Retype, word for word, the lines from the first line of the entries through the line that holds "Boom, bam, bam, bam."; leave out the pictures.
----------------
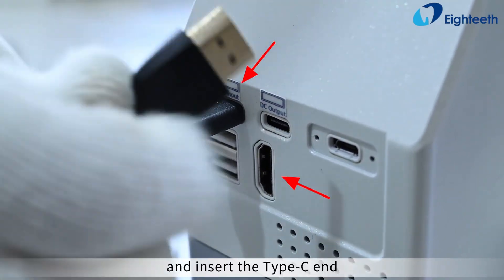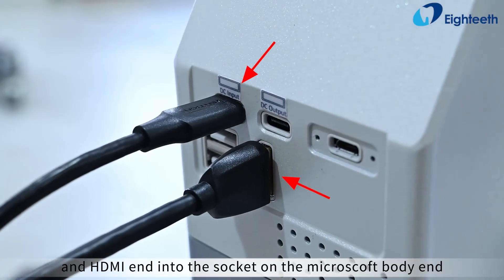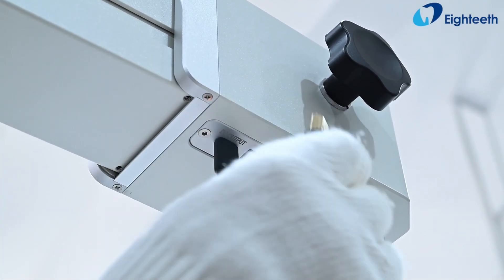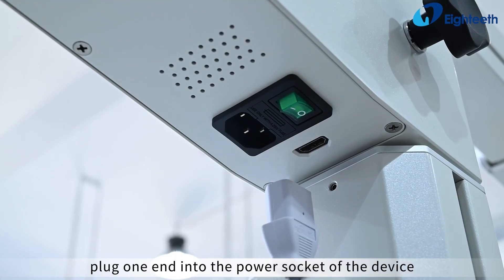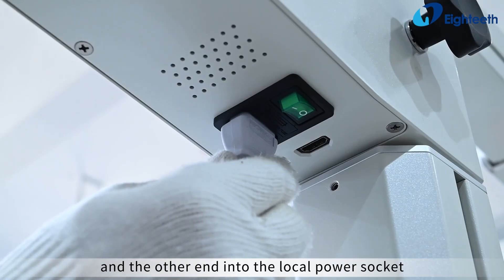Take out the data bus component and insert the Type-C end and HDMI end into the socket on the microscope body end, and the other end into the connection port on the lift arm. Take out the power cord, plug one end into the power socket of the device, and the other end into the local power socket.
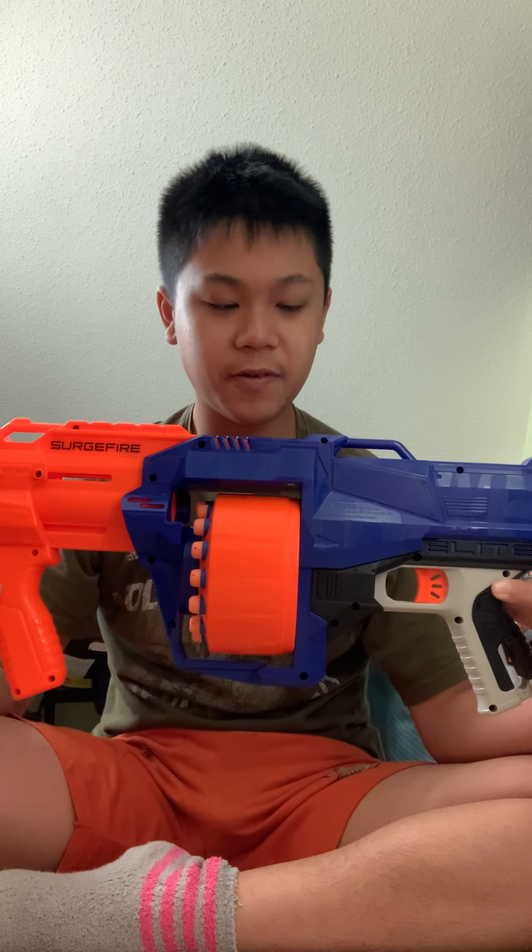Hello guys, welcome back to my channel. I'm wearing socks because it's pretty cold outside this morning. But anyways, the review today is about the Nerf Elite Surge Fire.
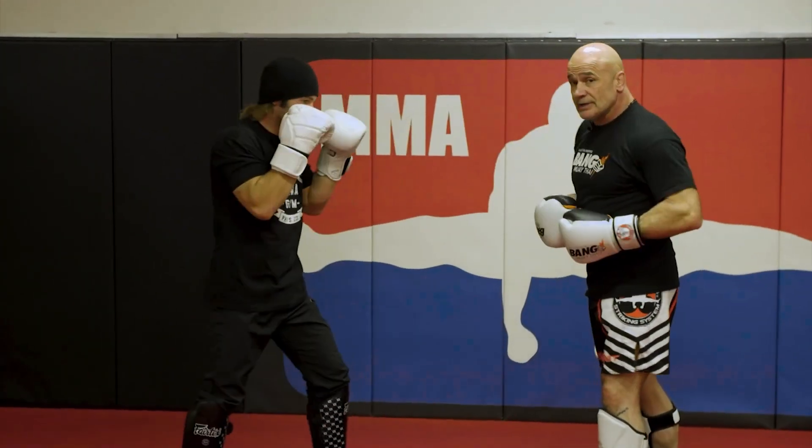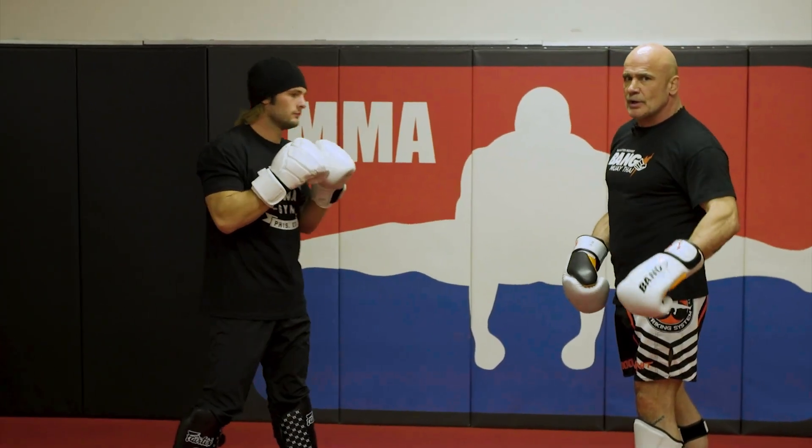Boom, bam, bam, bam. Good. That's nice. Body, head, body. There's a weird one.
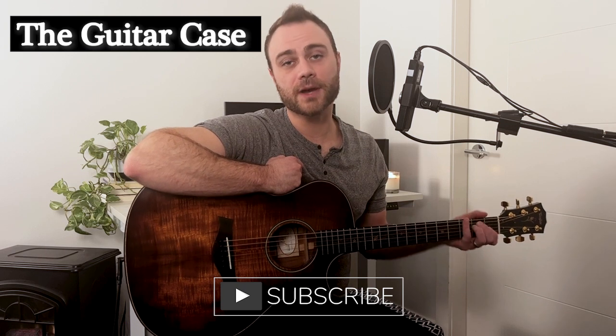Hello and welcome to another installment of The Guitar Case. My name is Brett Rozelle. A couple weeks ago I posted a video of 1979 by the Smashing Pumpkins, and today I'm going to look under the hood and show you the chords used so that you could put this song together on your own at home.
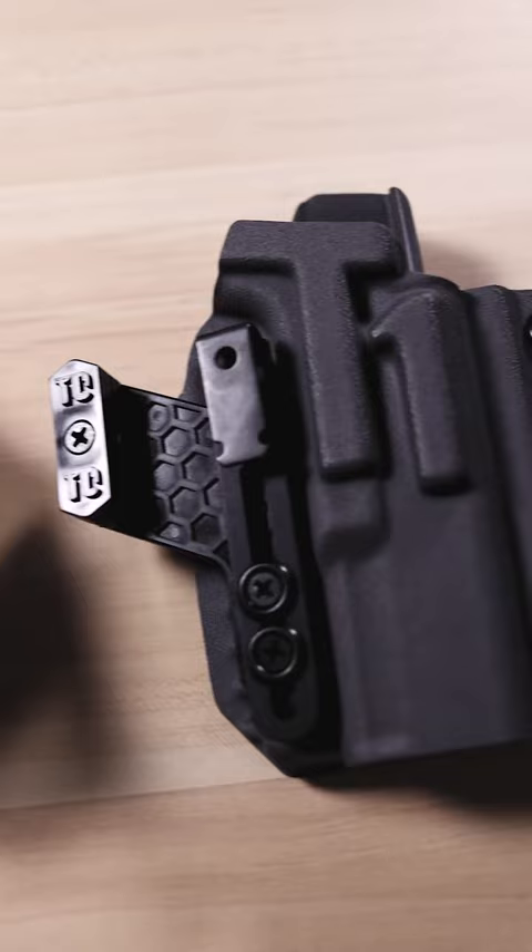What do I need to get started with Alias? I'm going to answer that really quickly. The first thing you need to choose is the correct holster clip for your holster. Do you have a bottom mount style holster? Do you have a Tentacore brand holster? Do you have a holster that needs a top mount clip?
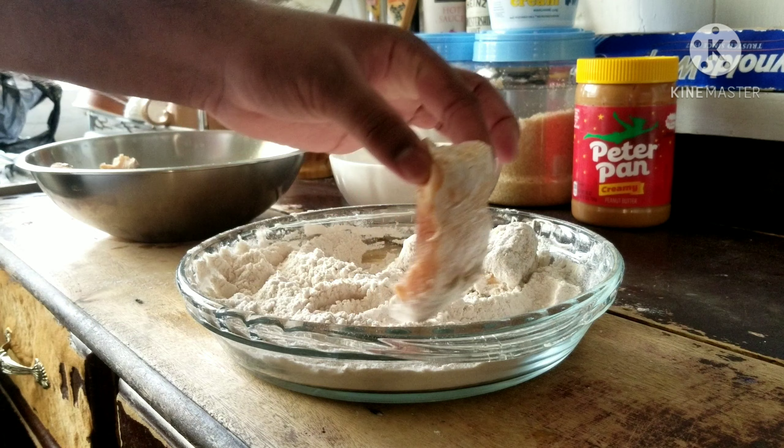Once you have that all laid in, let it fry for about eight minutes. If you're using a flat pan like a cast iron to fry this, you would actually want to flip it at the four or five minute mark — flip it to the other side. But this is enough oil and it's deep enough so that it will get the fish entirely. Once your fish starts floating to the top and turns that perfect golden brown color, that's when you take it out.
----------------
* PROBLEM SOLUTION
Take out the data bus component and insert the Type-C end and HDMI end into the socket on the microscope body end, and the other end into the connection port on the lift arm. Take out the power cord, plug one end into the power socket of the device, and the other end into the local power socket.
Hello guys, welcome back to my channel. I'm wearing socks because it's pretty cold outside this morning. But anyways, the review today is about the Nerf Elite Surge Fire.
Boom, bam, bam, bam. Good. That's nice. Body, head, body. There's a weird one.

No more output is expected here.